*** Opening of Input records ***

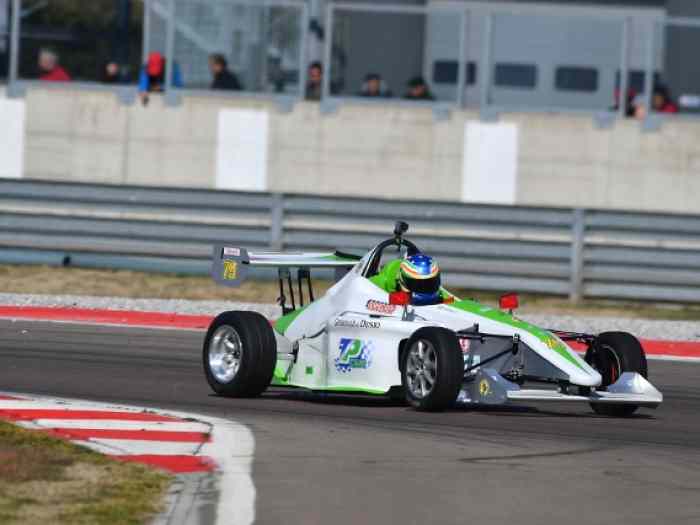 FORMULA PREDATOR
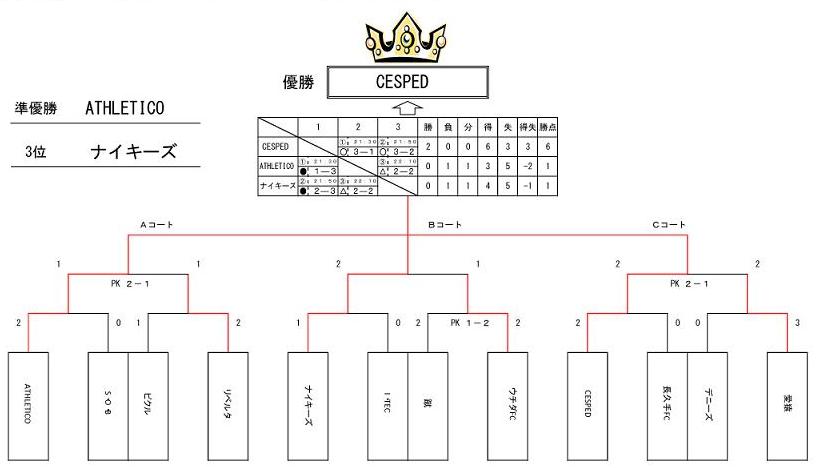 トーナメント表
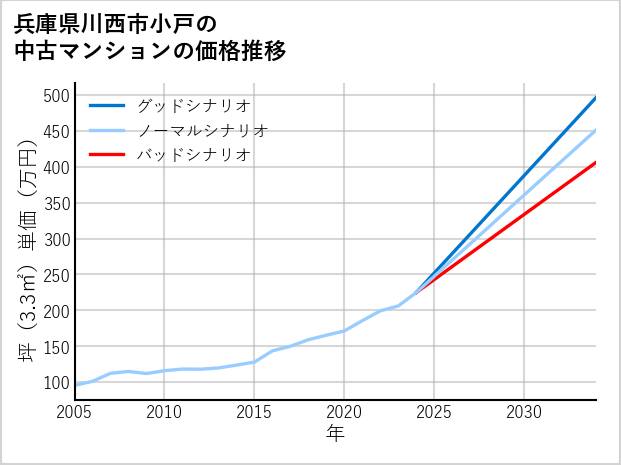 兵庫県川西市小戸の中古マンション価格推移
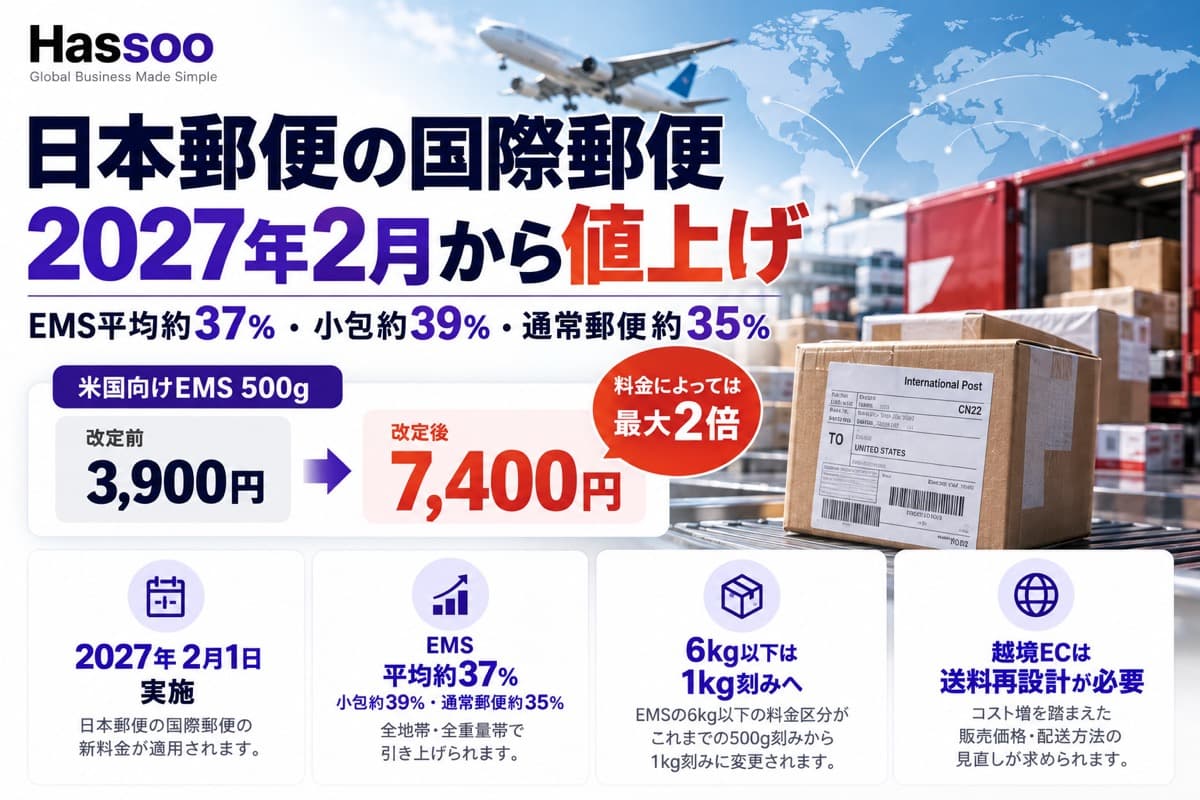 日本郵便の国際郵便が2027年2月から値上げされることを解説するイメージ。Hassooのロゴと「日本郵便の国際郵便 2027年2月から値上げ」の見出し、EMS平均約37%・小包約39%・通常郵便約35%の値上げ幅、米国向けEMS 500gが改定前3,900円から改定後7,400円になる例と「料金によっては最大2倍」の吹き出し、2027年2月1日実施・EMSの6kg以下は1kg刻みへ・越境ECは送料の再設計が必要という4つのポイント、国際郵便の荷物と航空機の写真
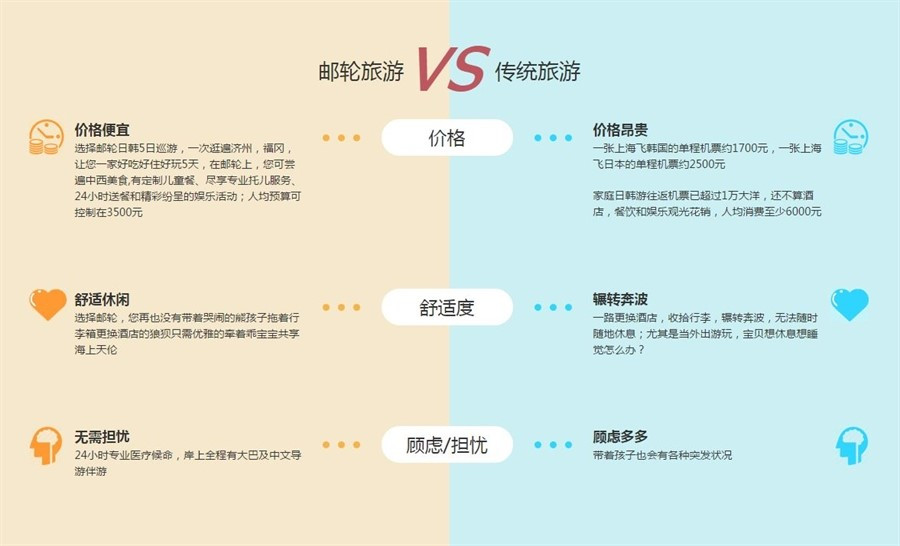 邮轮旅游VS传统旅游的区别--六大不同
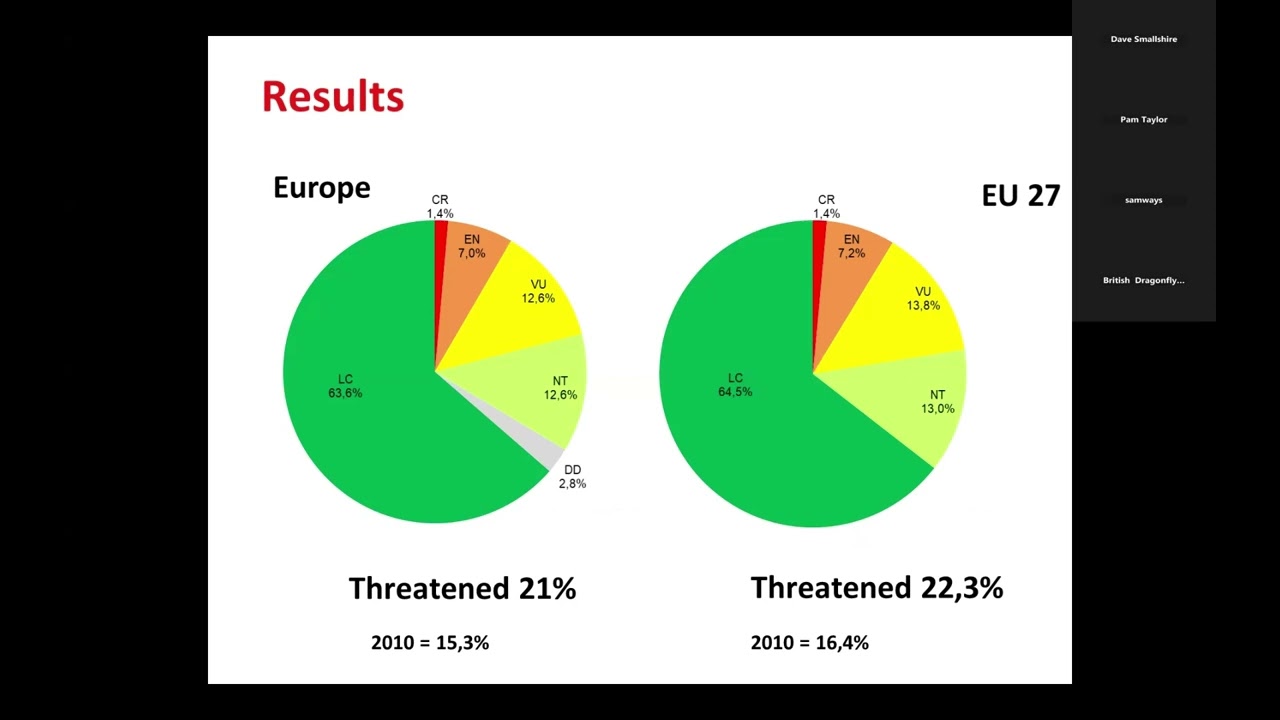 European Odonata Red List. By Geert De Knijf.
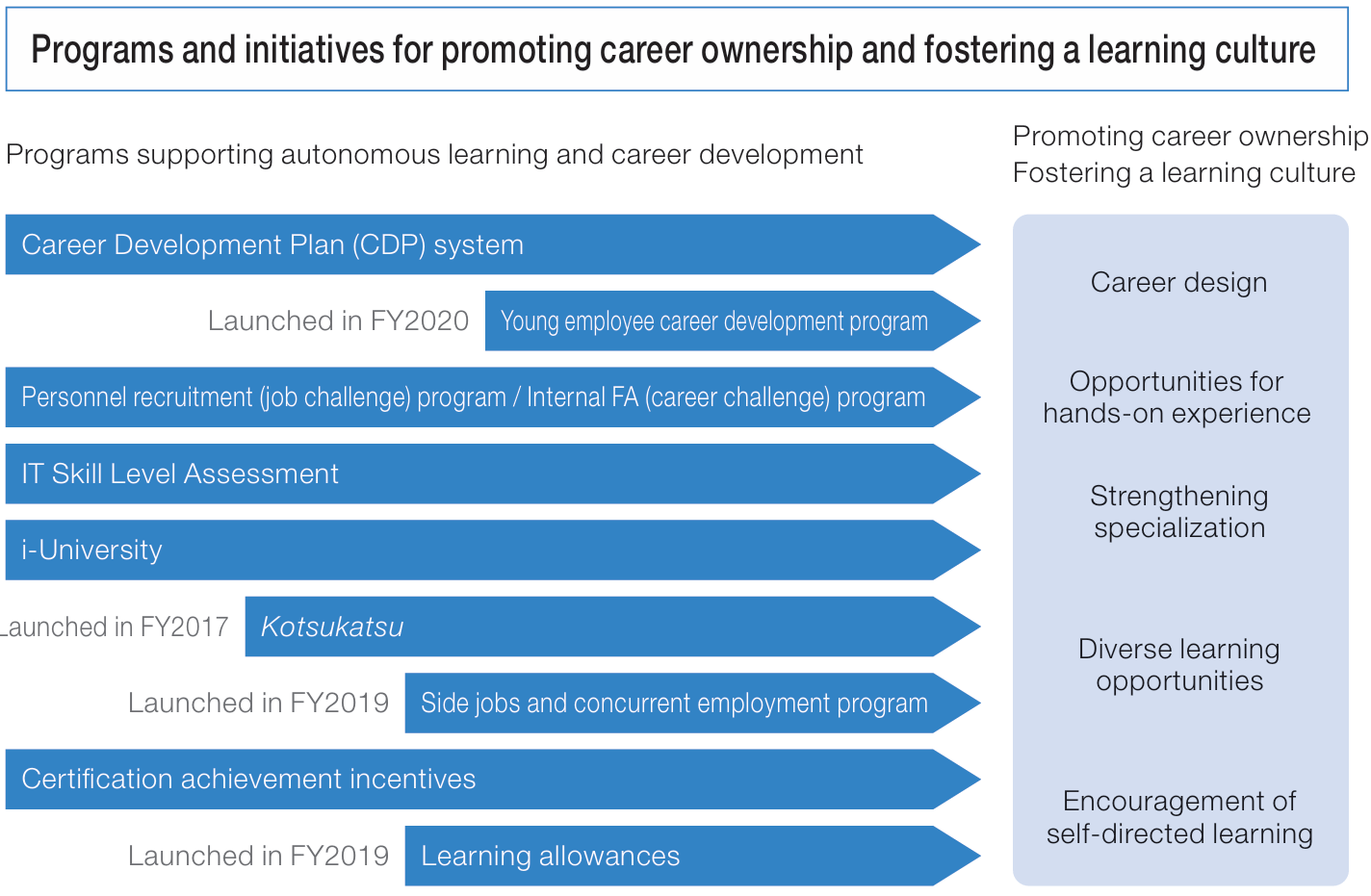 Systems and measures for promoting career ownership and fostering a learning culture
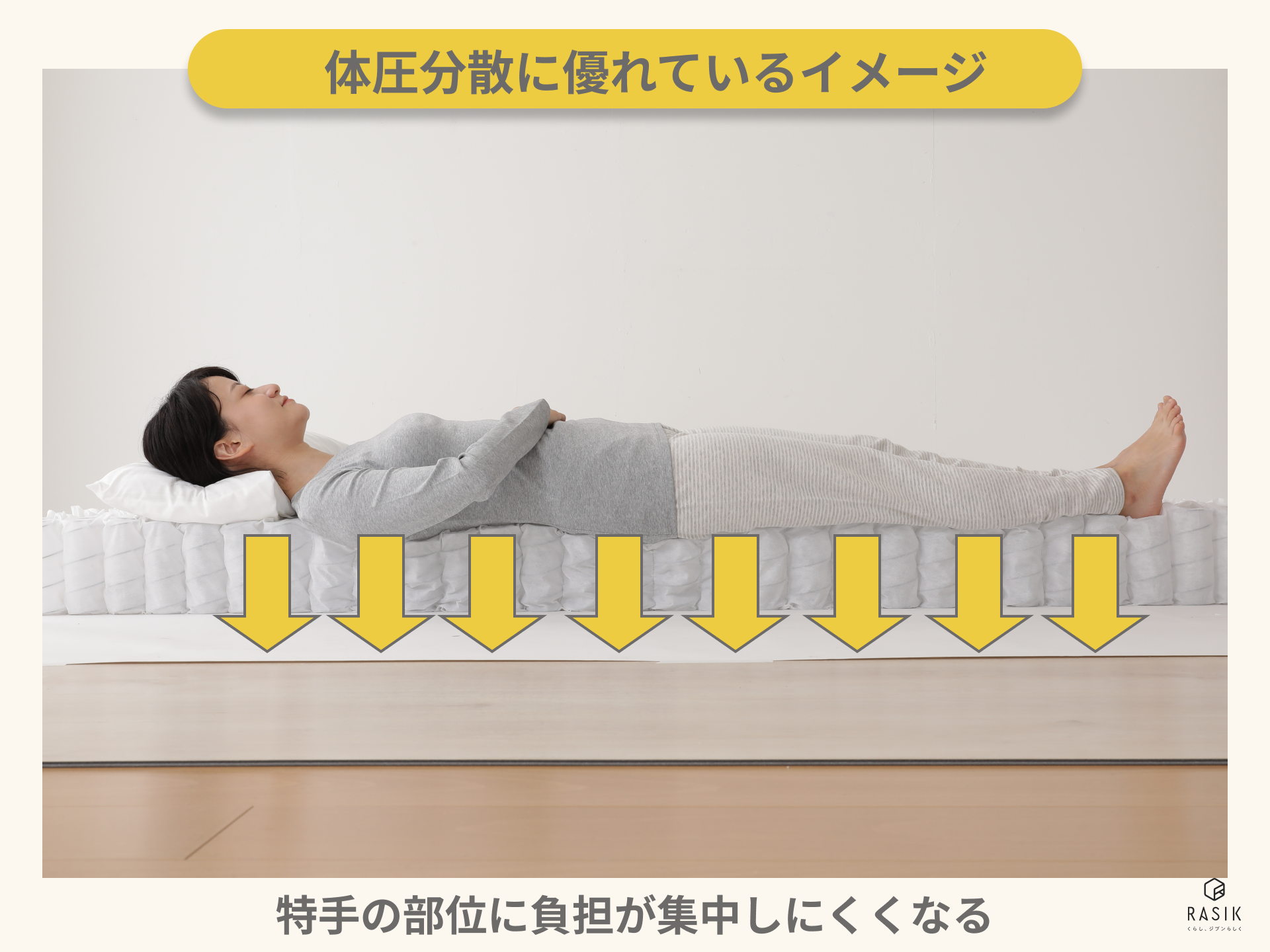 体圧分散に優れているマットレスを説明した画像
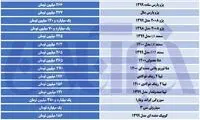 آخرین وضعیت قیمت‌ها در بازار خودرو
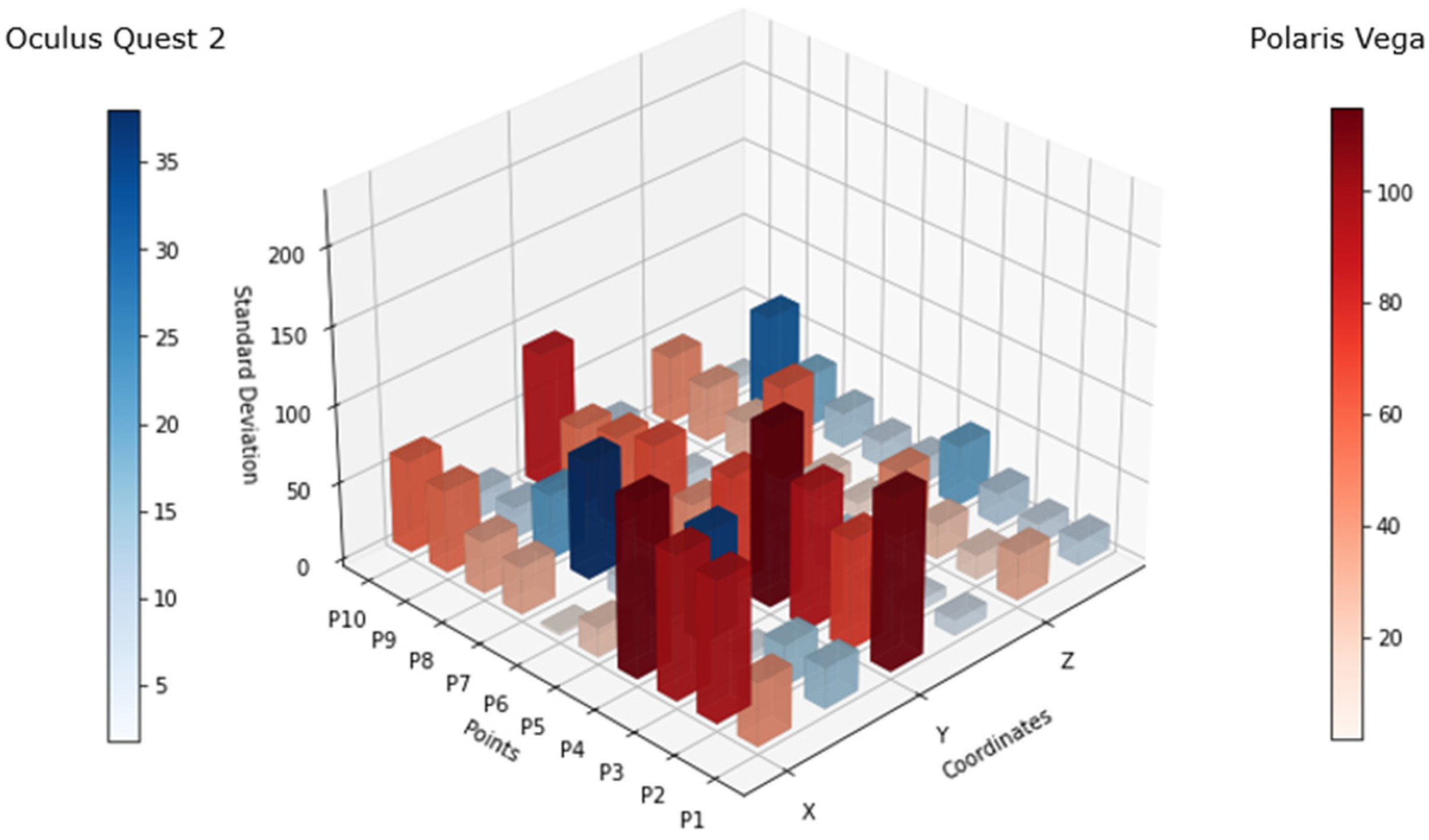 Sensors 25 00340 g007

*** Close of Input records ***

*How to complete this task*: Omit every picture while printing the data word for word.

*Answer box*:
 FORMULA PREDATOR
 トーナメント表
 兵庫県川西市小戸の中古マンション価格推移
 日本郵便の国際郵便が2027年2月から値上げされることを解説するイメージ。Hassooのロゴと「日本郵便の国際郵便 2027年2月から値上げ」の見出し、EMS平均約37%・小包約39%・通常郵便約35%の値上げ幅、米国向けEMS 500gが改定前3,900円から改定後7,400円になる例と「料金によっては最大2倍」の吹き出し、2027年2月1日実施・EMSの6kg以下は1kg刻みへ・越境ECは送料の再設計が必要という4つのポイント、国際郵便の荷物と航空機の写真
 邮轮旅游VS传统旅游的区别--六大不同
 European Odonata Red List. By Geert De Knijf.
 Systems and measures for promoting career ownership and fostering a learning culture
 体圧分散に優れているマットレスを説明した画像
 آخرین وضعیت قیمت‌ها در بازار خودرو
 Sensors 25 00340 g007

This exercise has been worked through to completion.